Given data: Begin

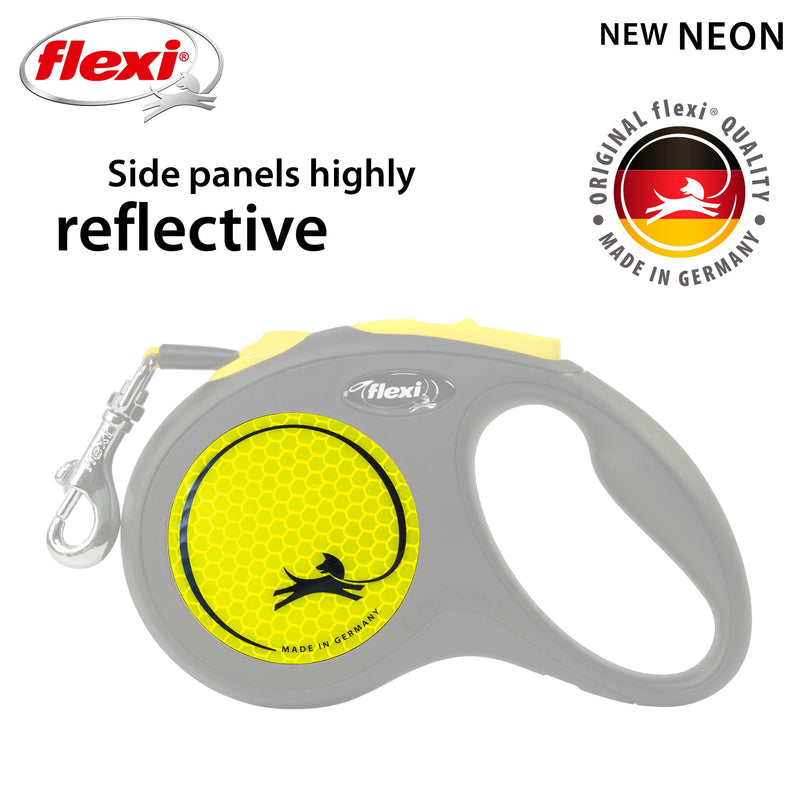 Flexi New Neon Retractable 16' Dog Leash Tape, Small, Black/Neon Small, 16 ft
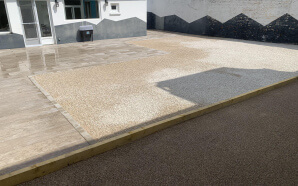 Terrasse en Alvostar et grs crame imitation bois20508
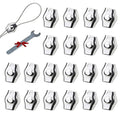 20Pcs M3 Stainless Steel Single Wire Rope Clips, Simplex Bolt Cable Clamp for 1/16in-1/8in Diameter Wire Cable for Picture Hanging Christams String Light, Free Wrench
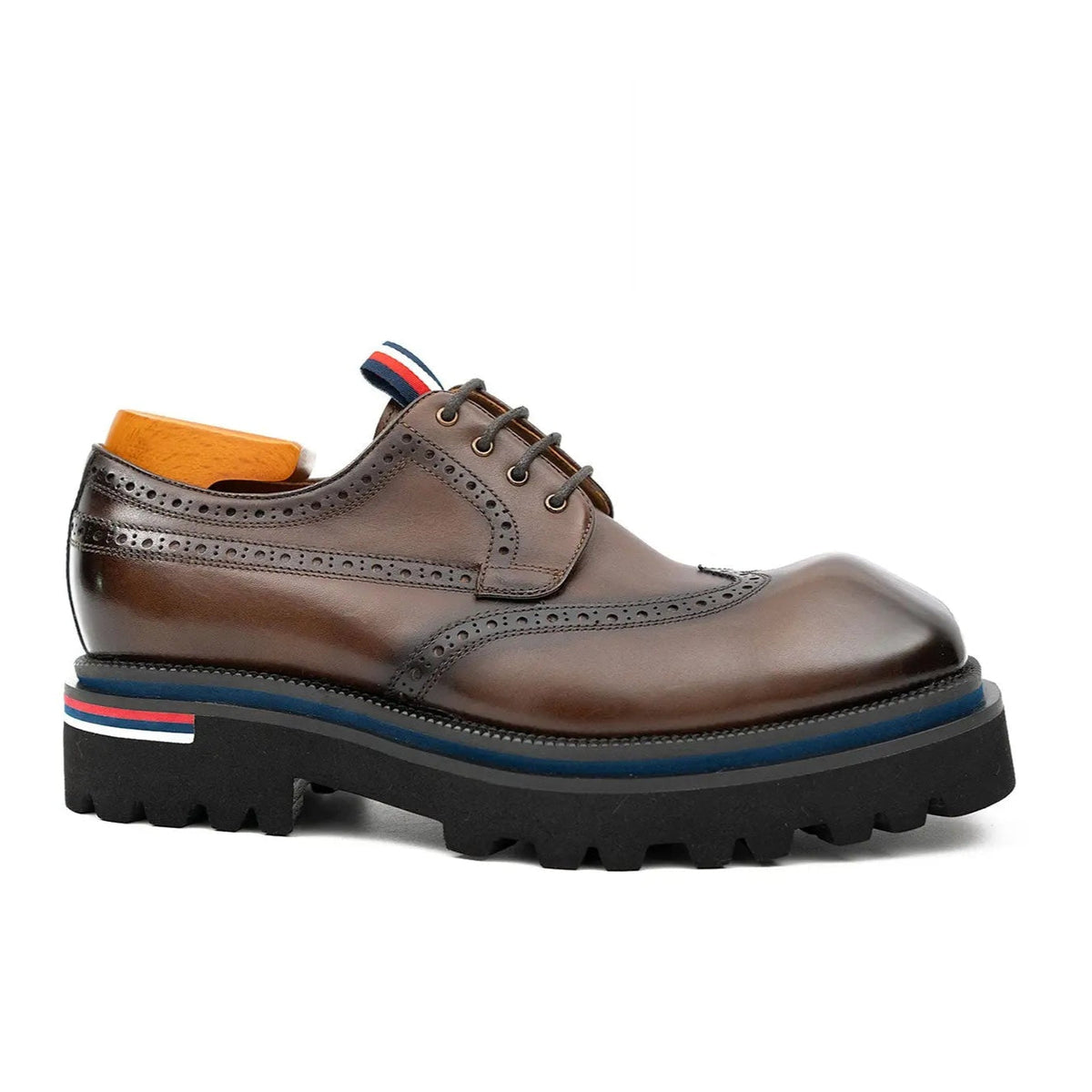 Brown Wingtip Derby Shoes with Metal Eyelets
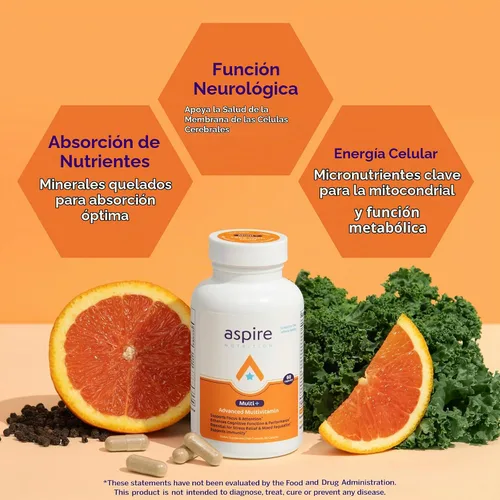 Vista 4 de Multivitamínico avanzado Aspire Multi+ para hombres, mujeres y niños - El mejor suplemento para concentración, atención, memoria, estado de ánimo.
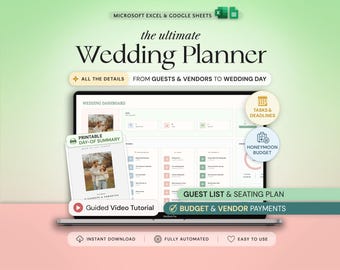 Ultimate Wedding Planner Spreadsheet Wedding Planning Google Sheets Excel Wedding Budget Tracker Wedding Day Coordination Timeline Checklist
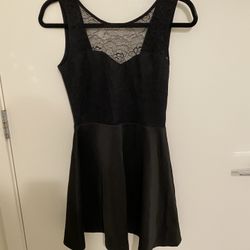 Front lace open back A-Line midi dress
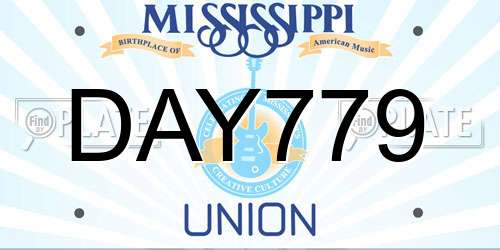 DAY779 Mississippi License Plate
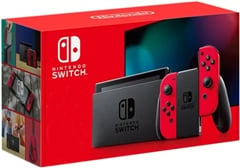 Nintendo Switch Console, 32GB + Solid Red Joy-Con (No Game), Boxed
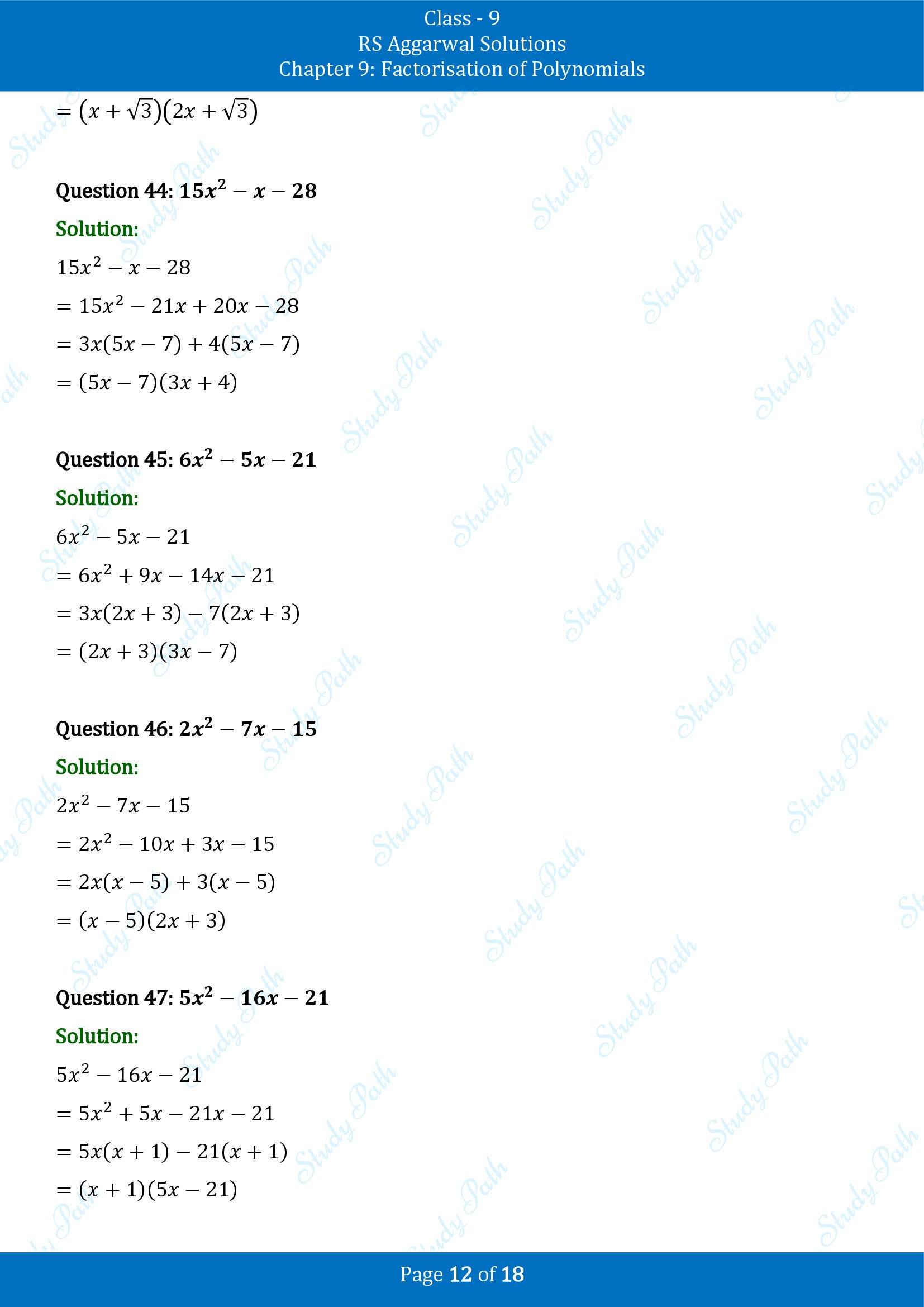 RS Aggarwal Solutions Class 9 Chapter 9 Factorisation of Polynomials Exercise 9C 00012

Given data: End

Reproduce exactly the lines above starting at the line containing "20Pcs M3 Stainless" and ending at the line containing "Vista 4 de Multivitamínico", including both, but not the pictures.

 20Pcs M3 Stainless Steel Single Wire Rope Clips, Simplex Bolt Cable Clamp for 1/16in-1/8in Diameter Wire Cable for Picture Hanging Christams String Light, Free Wrench
 Brown Wingtip Derby Shoes with Metal Eyelets
 Vista 4 de Multivitamínico avanzado Aspire Multi+ para hombres, mujeres y niños - El mejor suplemento para concentración, atención, memoria, estado de ánimo.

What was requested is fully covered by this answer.